Though it is not always realistic or doable, I feel like I need to sit down quietly, alone with my bible and a notebook in order to really tap into prayer or to hear from God. Satan knows this and totally uses it against me. Recently I posted a video on distractions and in a nutshell, I said that sometimes the enemy uses good things to distract us. I have found myself in that dilemma right now. 


 So much has been going on. Within the last 4 days, we have moved to a new house, our oldest kids started school, our youngest started daycare and I started a new job! It wears me out just typing it!   I don't share this as a complaint, I just want you to have the whole picture. While enjoying and navigating through these new blessings, I have not taken the time to really sit and just be with God. I feel totally guilty about it. I'm not feeling very spiritual. 

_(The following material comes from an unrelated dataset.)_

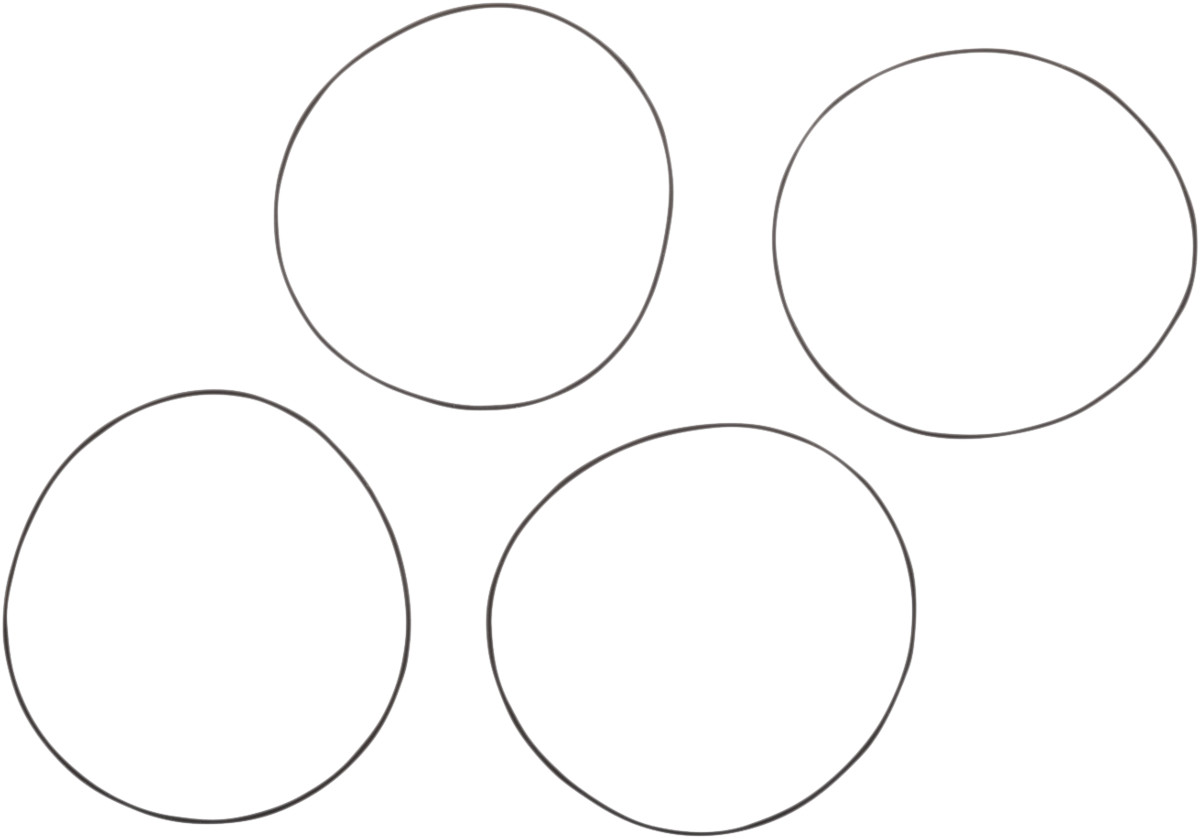 JAMES GASKET Piston Liner O-Ring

One phrase I repeat to myself frequently is "faith is not about feelings". It is  hard to die to my flesh and not operate on how I feel but I  know that it is an attack.  Just because I don't "feel" it, doesn't change my position in Christ. I think about David...brother-man was an emotional wreck! Just read the Psalms and you'll see. I have no doubt that he got distrated and felt far from God because he didn't make enough time to sit quietly with Him.  Though he had highs and lows, it did not change God's mind about him. God used him mightily!  The good thing is that I have caught onto it, brought it before the Lord and asked the Holy Spirit to strengthen and help me. If you are in a place like me, please know that it is ok! Push through this season and don't stay stuck. Learn to give yourself grace, God does! 

Monday, August 15, 2016

My voice will be heard!

I sit here tonight just thinking back over the past couple of months and all that God has done. He has made ways and worked things out perfectly. Yet, I have allowed my voice to be stifled and I haven't shared a bit of it with you. Somehow, fear has crept in slowly choking me. Not only has my voice been quieted spiritually but also physically. In the last 6 weeks alone,  I have suffered from both laryngitis and strep throat for the first time in my life. Until today, I didn't really and truly realize that they were connected to my spiritual afflicion. I have a call of God on my life, and that scares the devil. If I can get my story and experiences out there to encourage or lead even one person to Christ, that is one too many in his opinion. He has done so many things to prevent me from sharing and to keep me in fear. I am learing that one way to combat the attack is to do what scares me. Don't let fear keep me bound. I am making a commitment to blog more frequently. I have so much content to share, so many words to type and plenty of pain to minister out of. I plan to clear out and tear down the house that fear had taken up residence in within my soul. There is freedom, peace and healing that is coming to me. And my prayer is that it is coming to you too. I apologize for my silence and I want to thank you for following along with my journey. You will be hearing from me again soon!